%%%%%%%%title of contribution
\Atitle{High-Order Semi-Lagrangian Numerical Method for the Large-Eddy
Simulation of Reactive Flows
}
%%%%%%%%name of authors connected by "and"
\Aauthor{\underline{Rolf Jeltsch}$^1$, Julián T. Becerra Sagredo$^2$,
Wesley P. Petersen$^1$,
Jürg Gass$^3$}
%%%%%%%%abbreviation of authors names for running header
\renewcommand{\rauthor}{F. Author}
%%%%%%%affiliations and e-mail
\Aaddress{%
$^1$ Seminar for Applied Mathematics, ETH Zurich\\
$^2$ Center for Energy Research, National University of Mexico, Temixco, Mexico\\
$^3$ Laboratory of Thermodynamics in Emerging Technologies, ETH Zurich\\
 \quad{\tt jeltsch@math.ethz.ch}}
%%%%%%%abstract of contribution
\Aabstract{%
A high-order Semi-Lagrangian numerical method is developed for
the simulation of a subsonic methane/air flame.
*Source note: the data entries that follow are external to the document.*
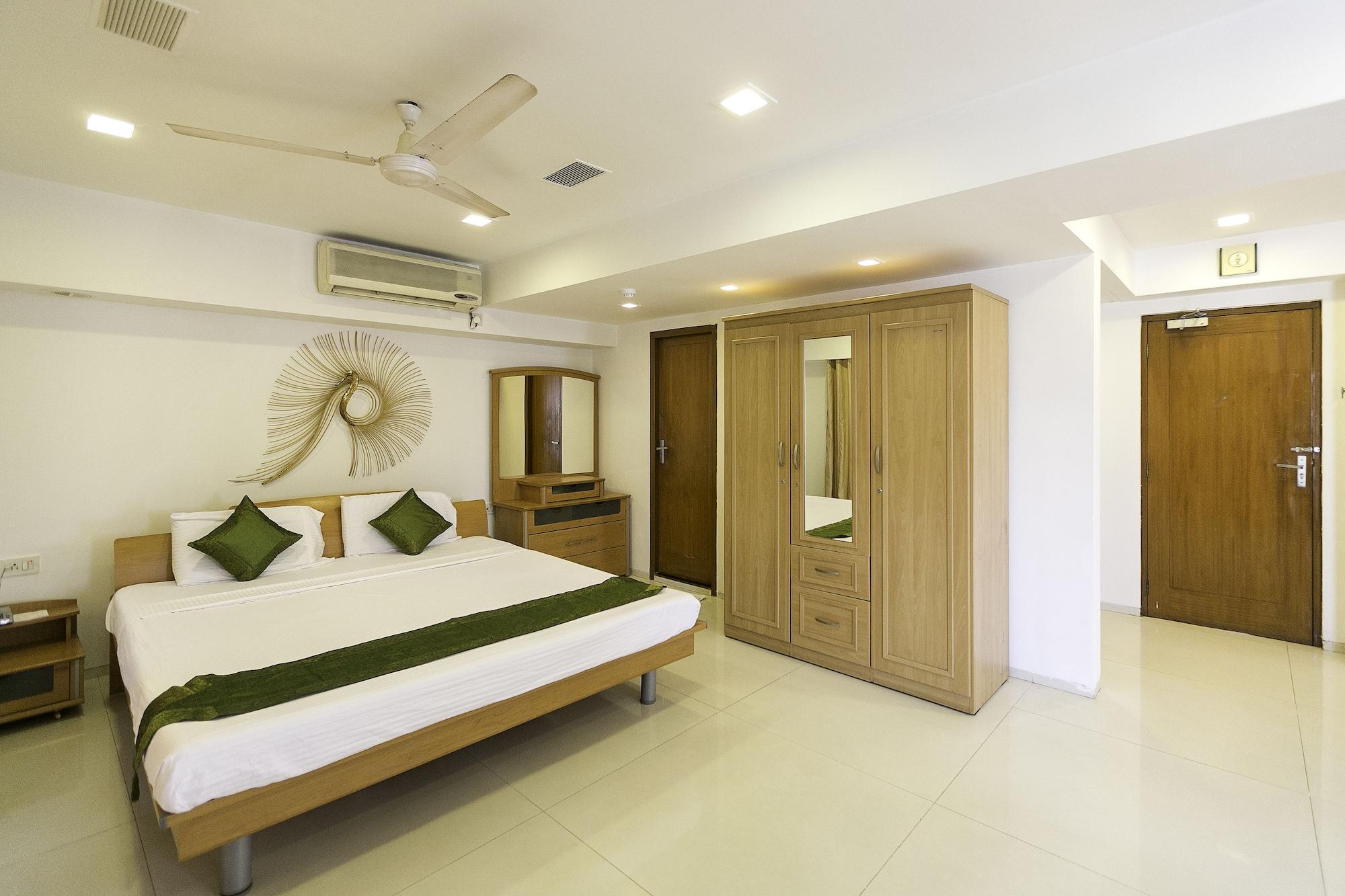 Hotel Treebo Trend New Castle Mumbai Exterior foto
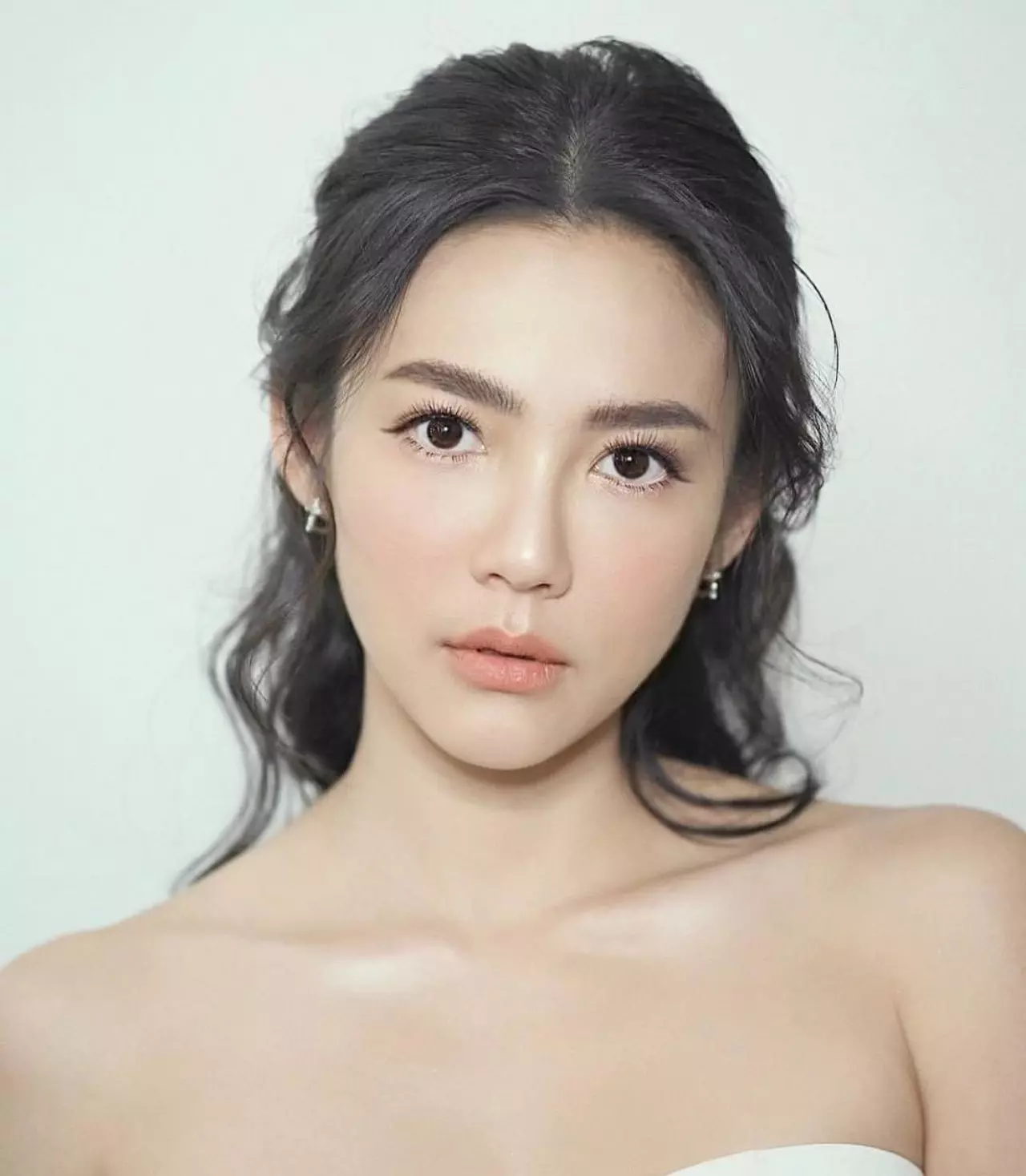 10 ไอเดีย "แต่งหน้า" ไปงานกลางคืนที่คุณควรลอง!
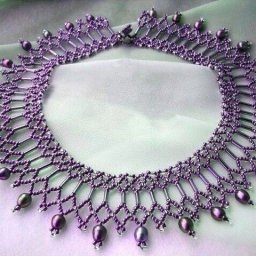 ​Эксклюзивные колье из бисера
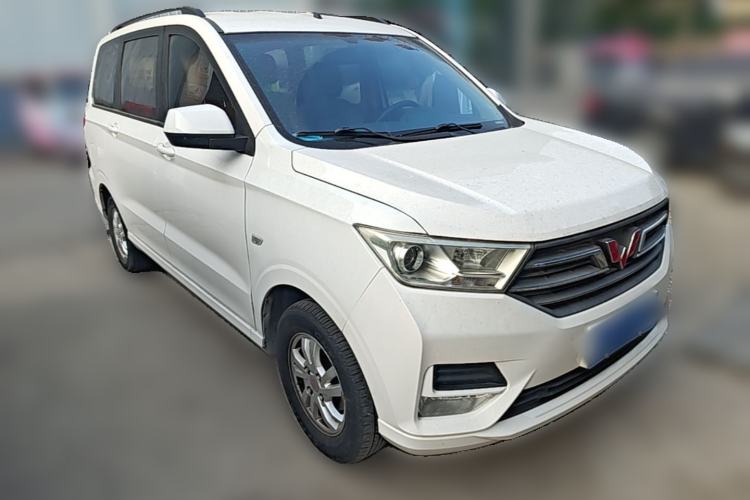 Used Wuling Hongguang 2021 1.5L S Comfort Edition LAR Front Right 45 Deg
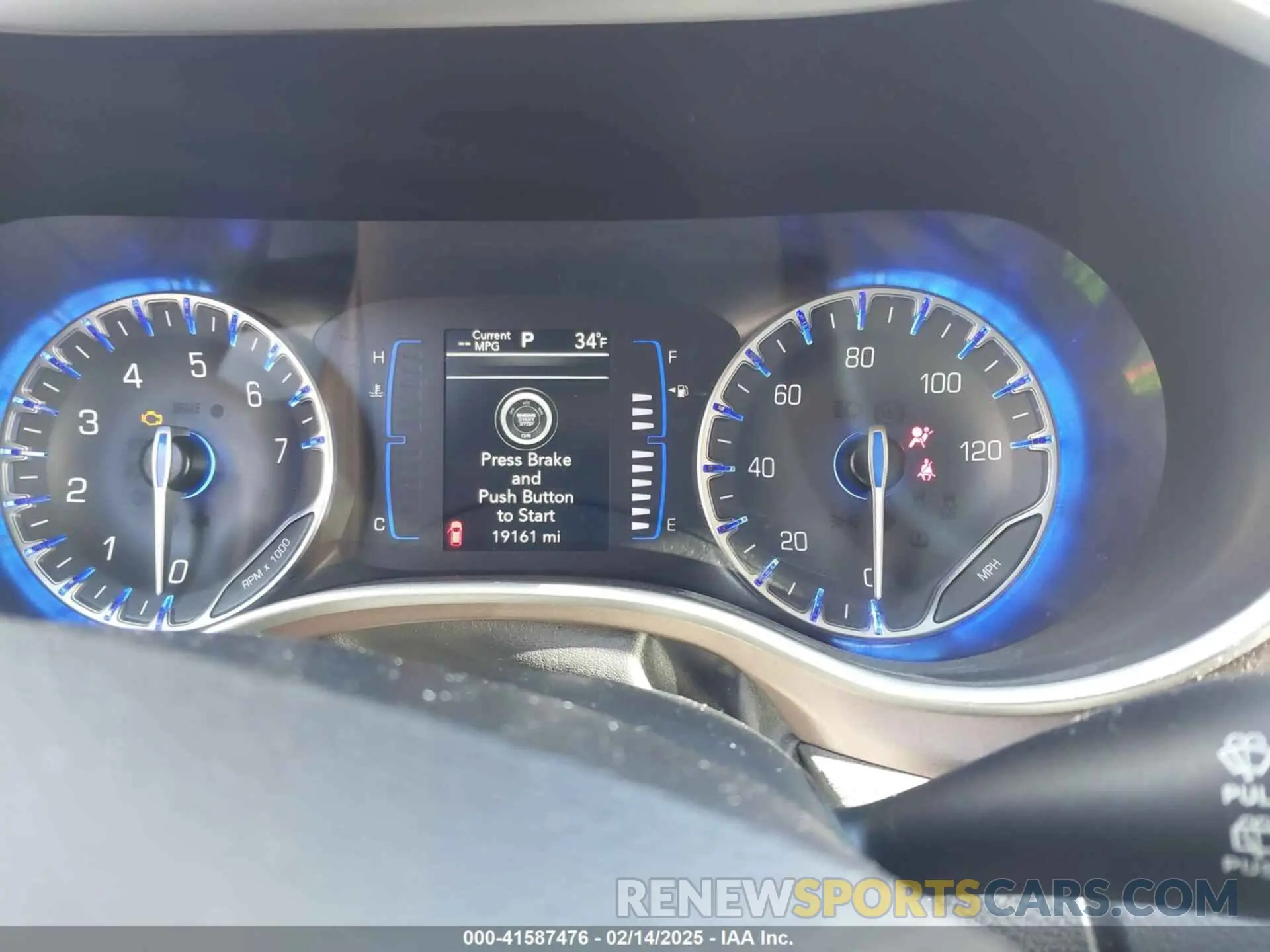 7 Photograph of a damaged car 2C4RC1BG8KR523872 CHRYSLER PACIFICA 2019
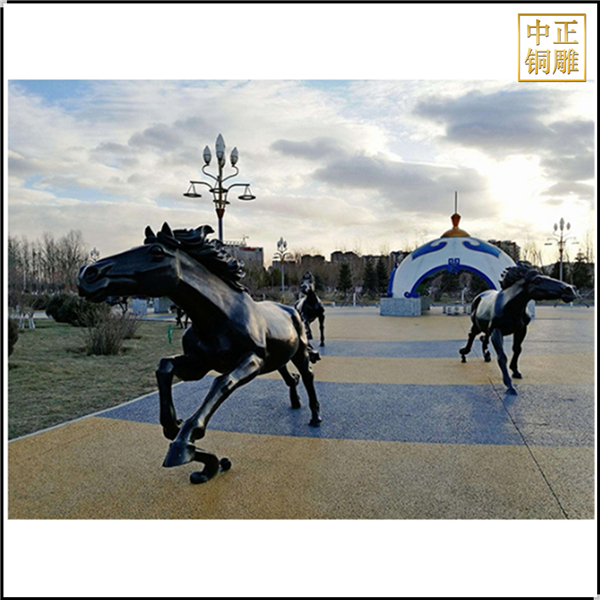廣場銅馬雕塑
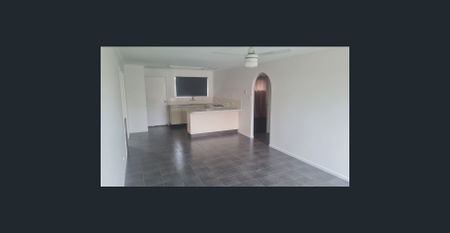 3 Bedroom unit - Photo 2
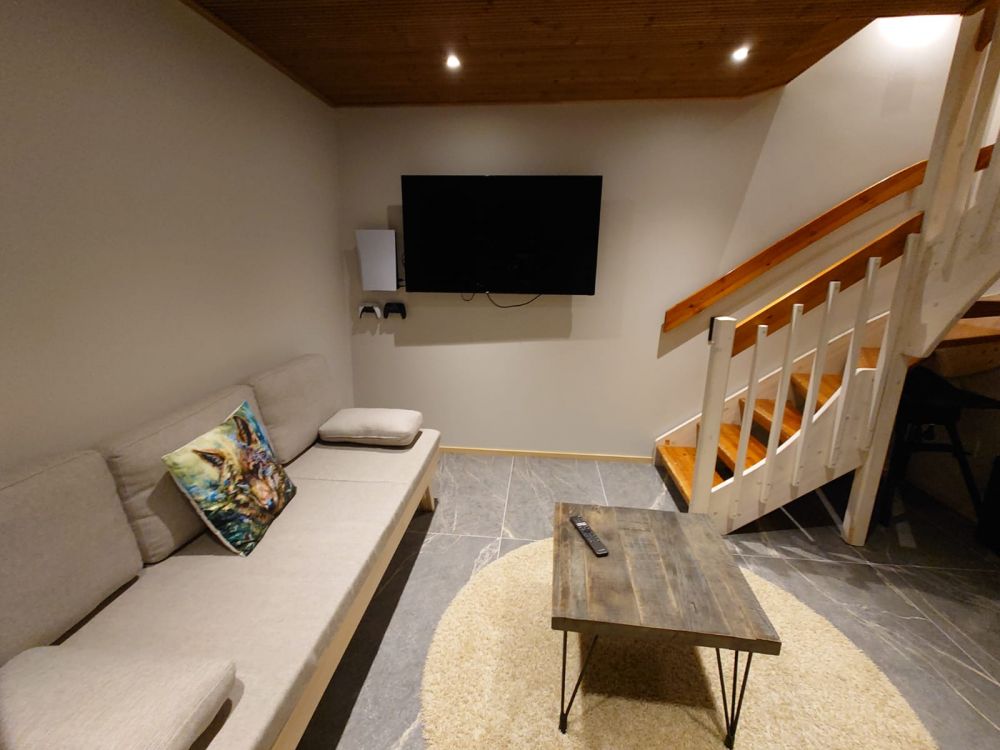 Apartment 5 A 1, Hiihtajankuja 5 A 1 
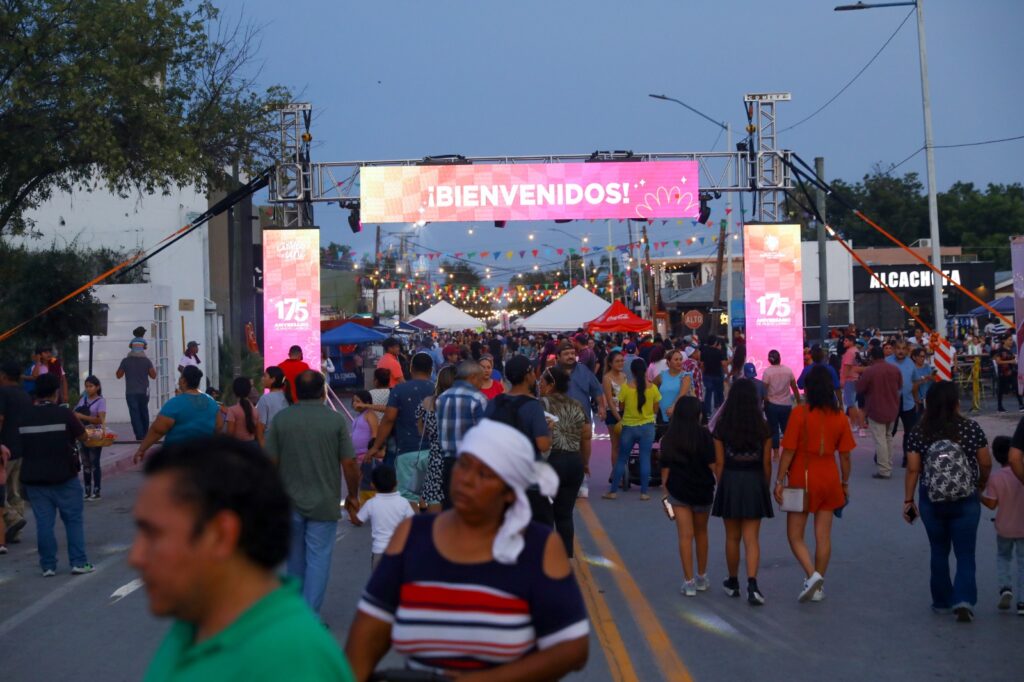 Disfrutan miles de familias festejos por 175 Aniversario de Nuevo Laredo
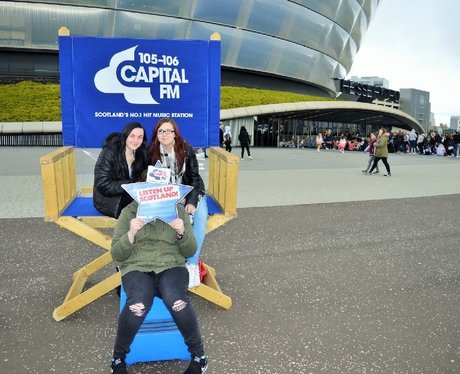 Were you pap'd by the Capital Street Stars?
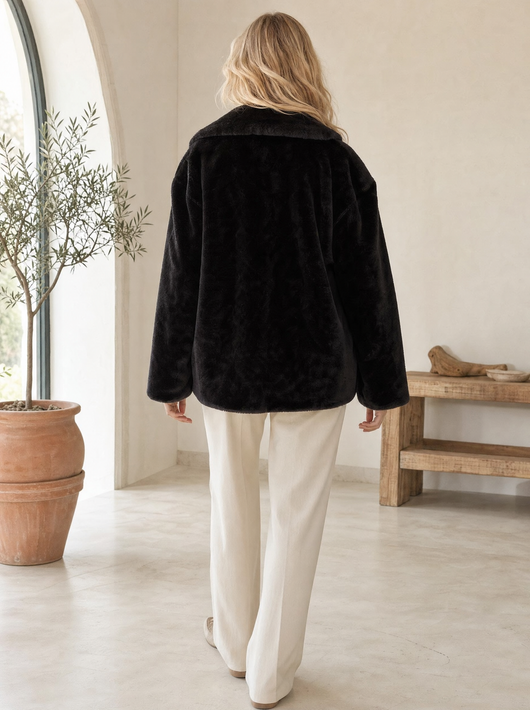 Emilia teddyjacka – oversized med stor slagkrage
The fluid is described
by the Navier-Stokes equations for a mixture of ideal gases. Turbulence
is modeled using Large-Eddy simulation (LES) together with a transport
equation for the subgrid kinetic energy. For the chemical reactions
we use an unsteady flamelet model based on transport equations for the
mixture fraction and a reaction progress variable. This allows for
extinctions and re-ignitions by not assuming fast chemistry nor steady
flamelets.

To solve the resulting system of coupled transport equations a
Semi-Lagrangian (FSL) method, known from climate modeling, is used.
For the interpolations from the Lagrangian mesh points to a fix mesh
an interpolation based on piece wise polynomials of degree 2m which are
m-tmes differentiable are used. This interpolation is easy to implement,
computations are fast. It is conservative, conservative and creates
low or zero numerical diffusion and dispersion.

Finally the FSL method is used to simulate Sandia flame D.
For the 3-d simulations a mesh in cylindrical coordinates is
used where singular derivatives and high frequencies at the polar
axis are controlled.
}